2008 in Distributions
Davyd Madeley Work in Progress
Throughout free software development, GNOME is famous for its release cycle. Since version 2.0, GNOME has made two major software releases every year. This year was no exception, with both 2.22 and 2.24 releasing on time.
According to Distrowatch, almost all of the popular distributions now ship with GNOME 2.24: openSuSE, Ubuntu, Fedora, OpenSolaris, Foresight and Mandriva. Other distributions to release in 2008 (FreeBSD and Gentoo) stuck with GNOME 2.20. The delayed Debian Lenny will also release with GNOME 2.20.
Ars Technica Distros of the Year and Foresight on the Shuttle
The distributions chosen as 2008 'Distro of the Year' by Ars Technica ship with GNOME 2.24.
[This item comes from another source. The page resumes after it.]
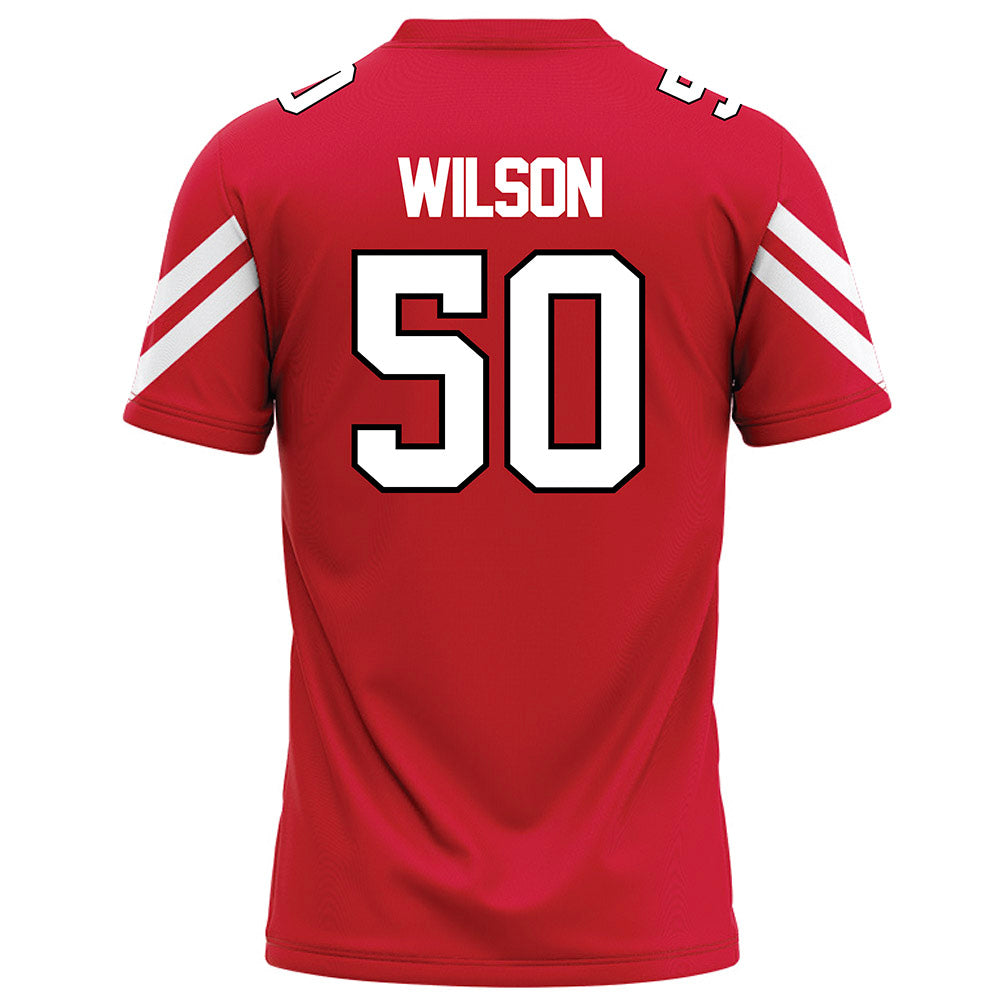 Marist - NCAA Football : Trevor Wilson - Red Football Jersey-1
Foresight has been known within GNOME for some time now because of its close relationship with upstream development (in fact, the GnomeDeveloperKit is based on Foresight), however it had never really be considered a mainstream distribution. This changed in early 2008 when PC manufacturer Shuttle, known for their compact PCs, announced that their upcoming budget KPC would ship running Foresight.
As well as core GNOME, the KPC ships with many GNOME-lover favourites including Firefox, Pidgin, Openoffice.org, Banshee, Totem and F-Spot.
OpenSUSE...
Netbook Revolution
Also new in 2008, Netbooks; lightweight, compact and inexpensive; many of these laptops ship preinstalled with some form of Linux distribution. Although these products might not run the GNOME Desktop as we know it, almost all of them utilise and depend upon GNOME technology and GNOME's platform.
The Dell Inspiron Mini 9 and Sylvania G Netbook run Ubuntu's Netbook Remix, based off Ubuntu 8.04LTS. Acer's Aspire One ships Linpus Linux Lite, which uses technology from GNOME and XFCE. The MSI Wind and HP's 2133 Mini-Note both ship SUSE Linux Enterprise Desktop. The RazorBook 400 ships with GNOME Office applications Abiword and Gnumeric.